We’re going to show you the character(s), then you you can click the play button to hear QUIZBO™ sound it out for you. But, as a better visualisation of each sound, we also have the romanised pronunciation of each character so you have something in English to which you can compare it.
In romaji, 「みゃ」 is transliterated as「mya」which sounds like「myahh」.
Helpful Hints with Kiki+Koko:
Just as in the previous lesson, it’s important to remember this is one singular syllable when spoken. Rather than the incorrect ‘✖mee-yah’, it is pronounced as simply ‘〇myah’. With time, it will become easier to automatically see characters ending in a い vowel next to a tiny ヤ行, y-row, character which automatically negates the い vowel, leaving you with a proper blend.
In romaji, 「みゅ」 is transliterated as 「myu」which sounds like ‘mew’ and may be recognisable from the first half of the name of the P☆kemon known as ‘Mewtwo’
Helpful Hints with Kiki+Koko:
You can use the sound of the English word’s equivalent in order to get used to the single syllable of 拗音, youon！When many say ‘hue’, there’s no gap betwixt the ‘m’ sound and the ‘yu’ sound. So, just be sure to keep the middle 「い」sound out of the equation when you encounter it with a small 「ゃ」「ゅ」or「ょ」
(Hopefully if you’ve heard the name ‘Mewtwo’, it will assist with proper pronunciation for this one!)

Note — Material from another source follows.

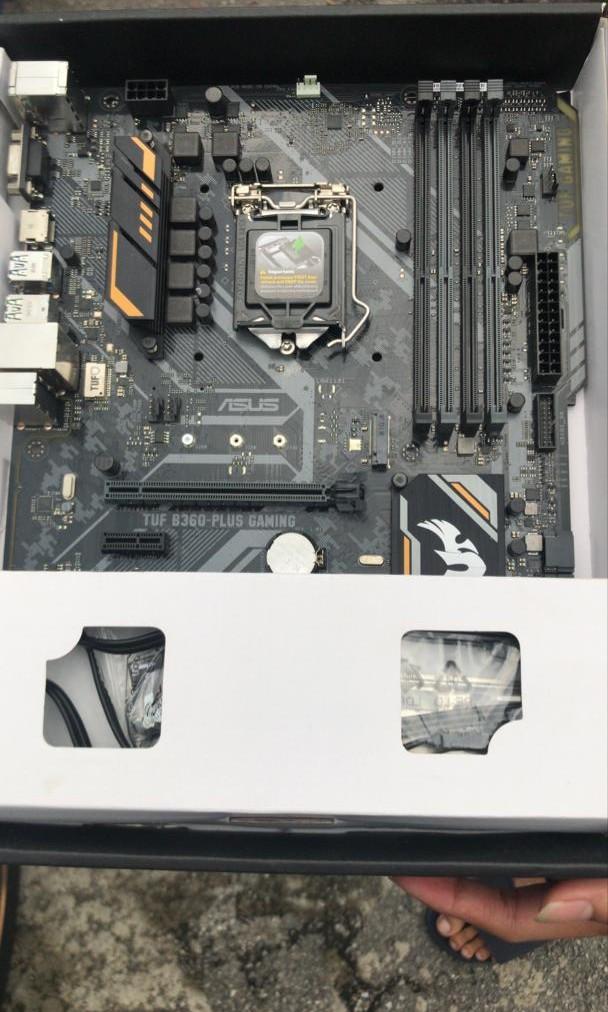 Asus Tuf B360 Plus Gaming Electronics Computer Parts Accessories On Carousell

In romaji, 「みょ」 is transliterated as 「myo」which sounds sort of like 「myohh」.
Helpful Hints with Kiki+Koko:
There’s not much more we can add that we haven’t said in the previous hints, however one helpful hint is that you’ll often find this one and the one above paired with う in長音, chouon. So, it’s important to always be able to differentiate whether it’s simply みょ, romanised 「myo」, or if it’s been romanised with a long vowel as in original Hepburn with the macron above: 「myō」which can be confusing as to know whether it’s 「みょう」,「みょお」or even 「みょー」! However, you needn’t worry about that after you learn to read hiragana. Though, this does bring up 長音, chouon, which is a useful concept you can read about in our previous article: 長音とは？｜What is chouon?
And, there you have it! That was 「みゃみゅみょ」! With only a few to learn, it shouldn’t be too terribly much to practise, however that doesn’t mean you shouldn’t give it the care and attention it deserves. You’ll need to keep these concepts properly differentiated between their hiragana gojuuon counterparts as well as future 拗音, youon. But, we know that if you’ve already made it this far, your mind is already expanding to the point where we know you’ll be able to memorise these and utilise them with time! It’s all about revision, patience, and a positive attitude. Whether you study often in shorter time periods or with spaces between for longer times, it’s all about exposure. You want to keep these fresh in your mind and once they’re concrete, you’ll want to contrast them with their similar counterparts to face the difficulties head-on so that you can more easily differentiate. And, no matter what method works best for you, we’ll be there for you every step of the way, providing you with the resources you need, on your Japanese language learning journey.